> **Work instruction**
Please repeat, from the entries that follow, the lines from the one containing "Space Age Ex Libris Gummistempel" through the one containing "Gift for Dad- Best" exactly, adding nothing.

> **Data extract**

---

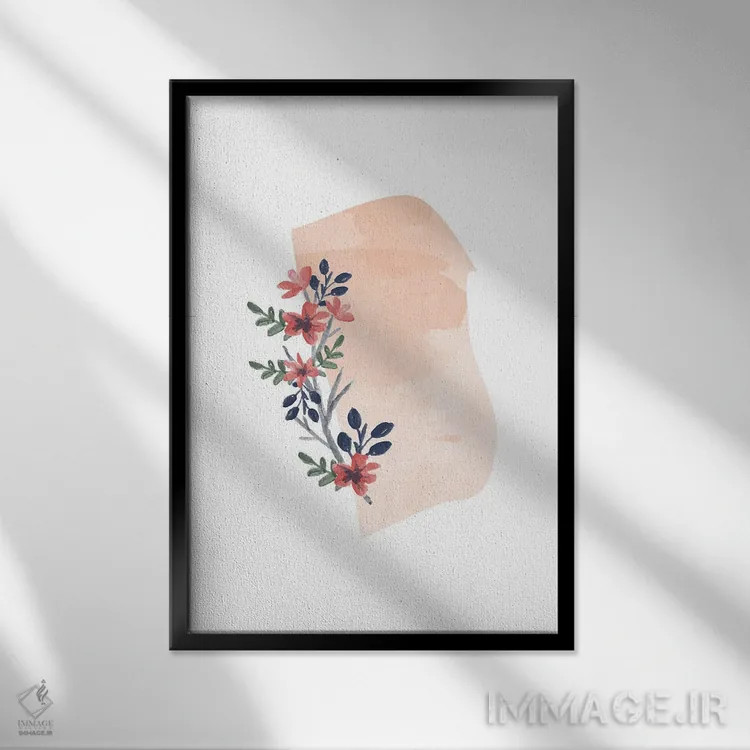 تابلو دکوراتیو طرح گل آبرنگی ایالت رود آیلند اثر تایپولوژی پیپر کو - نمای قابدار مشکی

---

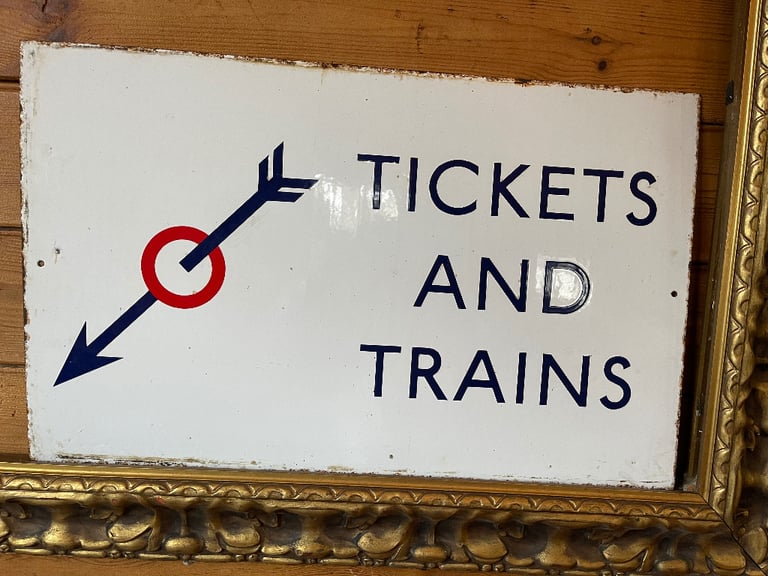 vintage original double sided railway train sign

---

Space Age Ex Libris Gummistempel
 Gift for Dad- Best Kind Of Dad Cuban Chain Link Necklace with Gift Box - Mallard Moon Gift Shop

---

> **Your response**
Space Age Ex Libris Gummistempel
 Gift for Dad- Best Kind Of Dad Cuban Chain Link Necklace with Gift Box - Mallard Moon Gift Shop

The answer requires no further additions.